EXERCISE BRIEF: Exactly reproduce the lines from the line that has "Mercedes-Benz GLC 300" down to the last line of the entries, inclusive.

DATA SUPPLIED:
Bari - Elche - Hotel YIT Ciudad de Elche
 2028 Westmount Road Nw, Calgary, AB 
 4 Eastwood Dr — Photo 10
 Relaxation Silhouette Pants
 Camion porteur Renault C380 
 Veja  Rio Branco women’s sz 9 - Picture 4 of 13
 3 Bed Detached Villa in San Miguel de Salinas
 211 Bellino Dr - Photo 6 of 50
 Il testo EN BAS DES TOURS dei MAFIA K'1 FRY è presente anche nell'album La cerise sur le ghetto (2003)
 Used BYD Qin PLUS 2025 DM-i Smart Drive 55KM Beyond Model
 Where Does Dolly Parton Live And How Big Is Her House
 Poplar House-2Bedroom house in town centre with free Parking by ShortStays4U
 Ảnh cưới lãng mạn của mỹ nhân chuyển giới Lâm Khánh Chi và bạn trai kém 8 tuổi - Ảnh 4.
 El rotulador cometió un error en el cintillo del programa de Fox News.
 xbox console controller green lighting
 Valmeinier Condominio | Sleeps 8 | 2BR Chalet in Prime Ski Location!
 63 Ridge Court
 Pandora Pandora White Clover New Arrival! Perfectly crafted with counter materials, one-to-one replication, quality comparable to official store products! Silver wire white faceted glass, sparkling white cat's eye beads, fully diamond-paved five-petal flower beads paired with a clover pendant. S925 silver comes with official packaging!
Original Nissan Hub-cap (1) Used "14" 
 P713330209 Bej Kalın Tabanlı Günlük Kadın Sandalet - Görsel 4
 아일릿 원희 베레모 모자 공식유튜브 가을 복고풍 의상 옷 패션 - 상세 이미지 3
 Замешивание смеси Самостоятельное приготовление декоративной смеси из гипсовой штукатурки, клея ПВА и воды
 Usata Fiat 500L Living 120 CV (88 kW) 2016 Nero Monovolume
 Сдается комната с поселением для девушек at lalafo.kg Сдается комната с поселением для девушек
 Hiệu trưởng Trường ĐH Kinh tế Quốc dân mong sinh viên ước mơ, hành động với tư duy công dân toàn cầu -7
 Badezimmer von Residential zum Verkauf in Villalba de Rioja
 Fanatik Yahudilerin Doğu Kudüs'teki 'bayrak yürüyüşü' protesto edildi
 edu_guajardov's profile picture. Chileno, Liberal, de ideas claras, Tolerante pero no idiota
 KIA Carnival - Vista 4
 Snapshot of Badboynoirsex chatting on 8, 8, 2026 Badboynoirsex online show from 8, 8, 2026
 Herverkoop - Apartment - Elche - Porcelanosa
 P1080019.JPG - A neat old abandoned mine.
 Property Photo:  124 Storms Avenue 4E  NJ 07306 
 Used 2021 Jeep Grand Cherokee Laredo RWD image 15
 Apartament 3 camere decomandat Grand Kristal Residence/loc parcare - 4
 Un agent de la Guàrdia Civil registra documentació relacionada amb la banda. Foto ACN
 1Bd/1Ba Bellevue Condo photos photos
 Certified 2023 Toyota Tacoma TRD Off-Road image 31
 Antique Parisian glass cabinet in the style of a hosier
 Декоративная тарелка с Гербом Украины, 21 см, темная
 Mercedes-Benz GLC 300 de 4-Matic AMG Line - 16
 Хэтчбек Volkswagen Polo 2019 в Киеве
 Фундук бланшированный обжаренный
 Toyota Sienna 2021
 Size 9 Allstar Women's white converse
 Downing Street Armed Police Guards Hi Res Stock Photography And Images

ANSWER TO THE EXERCISE:
 Mercedes-Benz GLC 300 de 4-Matic AMG Line - 16
 Хэтчбек Volkswagen Polo 2019 в Киеве
 Фундук бланшированный обжаренный
 Toyota Sienna 2021
 Size 9 Allstar Women's white converse
 Downing Street Armed Police Guards Hi Res Stock Photography And Images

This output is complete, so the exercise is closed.